Fracture pattern prediction with random microstructure using a physics-informed deep neural networks

Material fracture is a process involving both linear elastic stage and nonlinear crack propagation stage. The problem becomes even complex when the material random microstructure is considered. The computational cost of material fracture simulation is high especially for large-scale nonlinear simulation. Recently, deep learning models have demonstrated the power for efficient nonlinear simulation. In this paper, a physics-informed deep learning model is proposed that a neural network model is integrated with a discrete simulation model (lattice particle method –LPM) to predict material fracture patterns for arbitrary material microstructures under different loadings. The key idea is to leverage physics-knowledge and data-driven approach for accurate and efficient nonlinear mapping. Physics-knowledge includes constraints, microstructure images, and displacement field from pure linear elastic analysis. Fully Convolutional Network is then used to predict the final fracture patterns. F1 score is used for model performance evaluation.
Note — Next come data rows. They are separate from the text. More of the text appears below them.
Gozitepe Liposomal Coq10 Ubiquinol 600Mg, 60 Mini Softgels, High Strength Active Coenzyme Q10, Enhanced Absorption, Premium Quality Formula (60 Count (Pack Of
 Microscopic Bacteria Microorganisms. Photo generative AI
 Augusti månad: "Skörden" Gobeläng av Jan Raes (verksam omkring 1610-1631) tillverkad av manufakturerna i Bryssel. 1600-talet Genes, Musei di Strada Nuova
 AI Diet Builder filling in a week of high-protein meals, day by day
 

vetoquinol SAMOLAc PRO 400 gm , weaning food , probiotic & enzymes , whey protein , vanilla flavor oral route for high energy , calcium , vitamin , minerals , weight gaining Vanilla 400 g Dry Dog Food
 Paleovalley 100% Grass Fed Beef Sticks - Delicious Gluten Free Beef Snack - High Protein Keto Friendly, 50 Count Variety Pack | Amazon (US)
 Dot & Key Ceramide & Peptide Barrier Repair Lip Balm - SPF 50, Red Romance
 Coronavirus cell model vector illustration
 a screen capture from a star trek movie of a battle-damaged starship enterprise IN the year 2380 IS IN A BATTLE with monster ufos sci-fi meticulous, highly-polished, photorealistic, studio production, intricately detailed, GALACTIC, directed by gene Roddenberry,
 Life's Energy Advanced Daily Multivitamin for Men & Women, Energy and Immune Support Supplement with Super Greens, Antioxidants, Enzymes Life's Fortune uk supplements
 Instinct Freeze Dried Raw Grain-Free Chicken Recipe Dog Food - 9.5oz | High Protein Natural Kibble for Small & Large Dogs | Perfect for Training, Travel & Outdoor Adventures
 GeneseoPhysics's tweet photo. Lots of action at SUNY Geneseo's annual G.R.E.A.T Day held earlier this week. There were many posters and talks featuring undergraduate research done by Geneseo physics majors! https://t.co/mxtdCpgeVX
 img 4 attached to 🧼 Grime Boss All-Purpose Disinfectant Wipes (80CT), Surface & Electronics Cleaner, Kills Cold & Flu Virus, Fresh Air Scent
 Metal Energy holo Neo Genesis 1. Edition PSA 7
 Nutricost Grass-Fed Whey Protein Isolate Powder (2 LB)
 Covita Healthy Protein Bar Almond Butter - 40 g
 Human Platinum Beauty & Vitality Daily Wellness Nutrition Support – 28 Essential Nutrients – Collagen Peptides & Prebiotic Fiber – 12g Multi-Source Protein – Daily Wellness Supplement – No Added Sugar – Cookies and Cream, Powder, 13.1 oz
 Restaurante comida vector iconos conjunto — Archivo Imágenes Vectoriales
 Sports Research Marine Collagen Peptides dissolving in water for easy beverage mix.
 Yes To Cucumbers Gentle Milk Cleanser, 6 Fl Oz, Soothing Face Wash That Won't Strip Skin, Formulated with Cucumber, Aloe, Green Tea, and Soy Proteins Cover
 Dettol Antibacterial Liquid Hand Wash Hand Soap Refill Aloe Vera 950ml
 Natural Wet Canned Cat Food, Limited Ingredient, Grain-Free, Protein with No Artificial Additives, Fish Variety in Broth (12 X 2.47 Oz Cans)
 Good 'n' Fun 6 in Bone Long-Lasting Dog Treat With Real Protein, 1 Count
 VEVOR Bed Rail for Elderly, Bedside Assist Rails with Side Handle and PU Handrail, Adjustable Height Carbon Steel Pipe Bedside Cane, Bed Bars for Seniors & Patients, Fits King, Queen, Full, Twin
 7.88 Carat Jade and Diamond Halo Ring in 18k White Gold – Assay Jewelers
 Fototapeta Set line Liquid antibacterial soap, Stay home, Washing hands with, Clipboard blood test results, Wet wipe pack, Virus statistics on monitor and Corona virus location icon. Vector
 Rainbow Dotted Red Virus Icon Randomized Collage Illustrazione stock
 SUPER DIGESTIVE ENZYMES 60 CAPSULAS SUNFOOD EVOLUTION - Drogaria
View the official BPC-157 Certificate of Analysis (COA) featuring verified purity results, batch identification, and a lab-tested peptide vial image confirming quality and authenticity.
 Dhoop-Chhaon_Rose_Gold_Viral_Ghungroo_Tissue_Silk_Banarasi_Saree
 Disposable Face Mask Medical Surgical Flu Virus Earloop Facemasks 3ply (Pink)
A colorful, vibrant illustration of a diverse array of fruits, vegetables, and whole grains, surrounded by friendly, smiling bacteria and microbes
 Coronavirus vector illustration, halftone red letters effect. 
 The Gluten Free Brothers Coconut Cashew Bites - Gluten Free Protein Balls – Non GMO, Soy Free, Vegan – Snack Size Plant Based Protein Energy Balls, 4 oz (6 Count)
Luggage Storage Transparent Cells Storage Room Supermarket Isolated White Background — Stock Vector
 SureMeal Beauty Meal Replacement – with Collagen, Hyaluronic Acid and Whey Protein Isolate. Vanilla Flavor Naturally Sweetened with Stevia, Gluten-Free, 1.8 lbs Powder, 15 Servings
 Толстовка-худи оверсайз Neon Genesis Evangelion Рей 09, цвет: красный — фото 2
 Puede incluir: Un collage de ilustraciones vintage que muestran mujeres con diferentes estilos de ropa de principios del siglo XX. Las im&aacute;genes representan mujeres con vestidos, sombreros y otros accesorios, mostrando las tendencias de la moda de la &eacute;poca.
The accuracy of the computational framework is verified for arbitrary material microstructure and arbitrary loadings by comparing predicted results and ground truths. One significant benefit of the proposed method is that high computational efficiency for the nonlinear material response prediction. Meanwhile, it is demonstrated that the proposed physics-informed model requires much less training data than purely data-driven models. Several future research directions are suggested based on the proposed study.